Over the course of my career as a recruiter, I have achieved personally and witnessed amazing turnarounds by trusting the process and not giving up. Process is there for a reason. You are not the world’s first recruiter. The tried and tested process is there for a reason. All we need is a little faith and hardwork and the results will take care of themselves.
“Self-care is how you take your power back.” — Lalah Delia
It is very important to disconnect and do something that helps you connect with your true self. That could be any physical or mental activity.For me it’s a physical activity. As recruiters our job is full of stress already, so I try to find a min of 30 mins to disconnect, make it about me and me only and workout, that helps me rejuvenate and get ready for the next dose of stress :D
“Just because no one else can heal or do your inner work for you doesn’t mean you can, should, or need to do it alone.” — Lisa Olivera
I understand that it is easier said than done, and rejections can be hard to digest and can affect you in many ways.
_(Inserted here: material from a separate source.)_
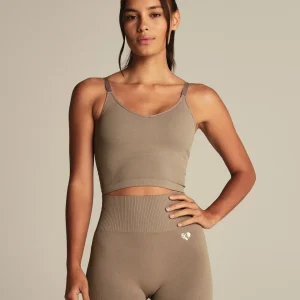 Power Seamless Built-In Bra Tank | Taupe Grey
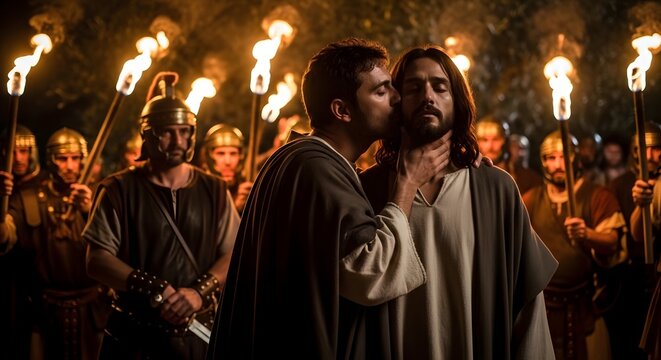 A dramatic and historical depiction of a pivotal moment, capturing the betrayal in a visually compelling way, using the power of light and shadow, evoking a sense of solemnity and spiritual intensity.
And it is not good for your mental health. Please find some time to share it with your colleagues, your manager or any one you trust. It is important to talk about it and get it out there.
It is very easy to give in under the pressure of rejections and lack of results. You start doubting your own self and you think that you are not good enough to be a recruiter or you don’t have what it takes. It is very natural to feel this way and take the easy way out. Remember, Recruiters are called Talent Warriors for a reason, We fall, We get up and Get in the war zone to start over..
I will sum it up with a famous quote from my favorite motivational speaker;
“The only limit to your impact is your imagination and commitment.- Tony Robbins”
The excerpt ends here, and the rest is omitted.